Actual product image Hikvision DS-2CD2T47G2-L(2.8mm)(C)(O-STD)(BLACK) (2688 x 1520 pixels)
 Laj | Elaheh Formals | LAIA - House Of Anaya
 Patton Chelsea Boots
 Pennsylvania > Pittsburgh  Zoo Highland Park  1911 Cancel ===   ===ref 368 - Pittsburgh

==

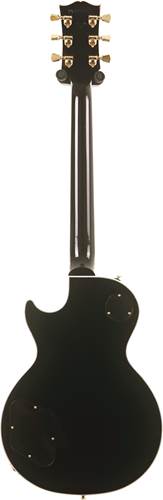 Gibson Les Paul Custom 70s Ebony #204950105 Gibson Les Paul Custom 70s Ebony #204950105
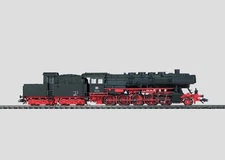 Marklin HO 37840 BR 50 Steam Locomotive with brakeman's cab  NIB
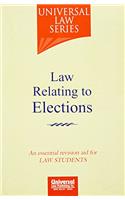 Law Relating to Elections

...

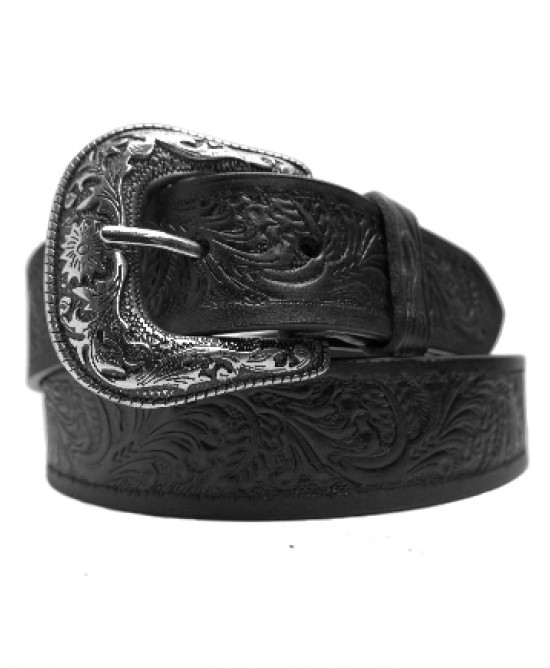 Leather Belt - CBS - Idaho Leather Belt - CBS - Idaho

Work order
What you return must be the lines above that run from the line with "Laj | Elaheh Formals | LAIA - House Of Anaya" to the line with "Pennsylvania > Pittsburgh", inclusive, each copied exactly.

Your solution
 Laj | Elaheh Formals | LAIA - House Of Anaya
 Patton Chelsea Boots
 Pennsylvania > Pittsburgh  Zoo Highland Park  1911 Cancel ===   ===ref 368 - Pittsburgh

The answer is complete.